If you’re an outdoor runner in winter (instead of working out at home or at the gym), you need to make sure your muscles are sufficiently warmed up before you head out into the cold. The frigid temperature means muscles are even colder and tighter than usual, which can increase your chance of injury — especially if you have preexisting conditions like arthritis or osteoporosis.
Warming up your muscles will increase muscle temperature, flexibility, and mobility before you tackle your run. In addition to preventing injury, warm muscles are also more responsive. This means they contract and relax more quickly than cold muscles, which improves your athletic performance. Use these three dynamic movements to warm-up indoors before heading out for your winter run.
1. Leg Swings
Front-to-Back Leg Swings
Stand next to a wall or another very stable object. Using a hand on the wall for balance, plant your right foot into the ground, and swing your left leg from front to back. Make sure your right knee doesn’t completely lock out, and that it remains positioned over your right foot (instead of caving inward). Complete 10 repetitions, then switch sides.
Lateral leg swings
Face the wall or stable object, using one hand for balance. Now keep your left foot planted into the ground as you swing you right leg from side to side, in front of your body. Complete 10 repetitions, then switch sides.
2. Lunge Matrix
The lunge matrix gets you moving in three different planes of motion, increasing blood flow to your lower body while loosening tight muscles in preparation for your run. Start all your lunges from a standing position with feet hip width apart. Complete 10 repetitions of each lunge variation (on both sides) before moving on to the next variation. Do the matrix once before your run.

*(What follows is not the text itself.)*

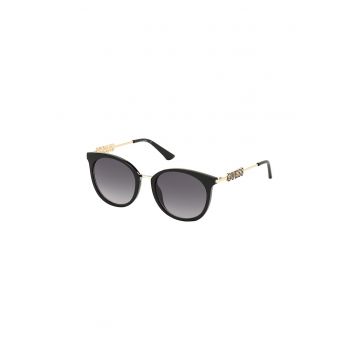 Ochelari de soare cat-eye cu lentile in degrade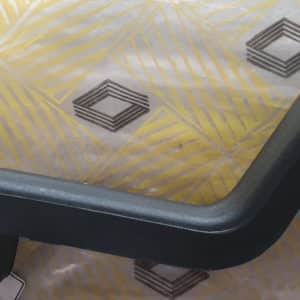 Hendel stoelverstelling links Renault 9 of 11.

Take a big step backward with your right leg, dropping your right knee toward the ground and bending your left knee to 90 degrees. Push off with your right foot to return to the starting position, and repeat for repetitions.
With your right leg, take a big step directly out to your right side. Bend your right knee and keep your left leg straight. You should feel your right glute and quad muscles working, and your left adductors (inner thigh muscles) stretching. Push off your right foot to return to the start position, and repeat for repetitions.
Posterior Lateral Lunges
Step your right leg behind you at about a 45-degree angle. Turn your torso to the right as you step, and bend your right knee as far as you can comfortably go. Your right foot should remain flat on the ground during this lunge variation. Push off your right foot to return to the start position and repeat for repetitions.
3. Mountain Climbers
Mountain climbers are an excellent exercise for warming up your whole body, especially your core. As the highest intensity exercise in our warm-up series, we do them last.
Start in a plank position, with hands and toes touching the ground (a push-up position). Hands should be directly under your shoulders, and your torso and legs should form a straight line. Brace your abs and bend your right leg so your knee is close to your elbows, toes touching the ground. Keeping your upper body in place, jump your right leg back while jumping your left leg forward. Both feet should touch the ground at the same time. One jump with the right leg forward and one jump with the left leg forward counts as one repetition. Aim for 2 sets of 30 repetitions.
To prevent falls on slippery ice (which can be especially harmful for older adults), try taking shorter, faster steps. Your feet will land underneath your body instead of slightly ahead of your body which makes balance and stability easier.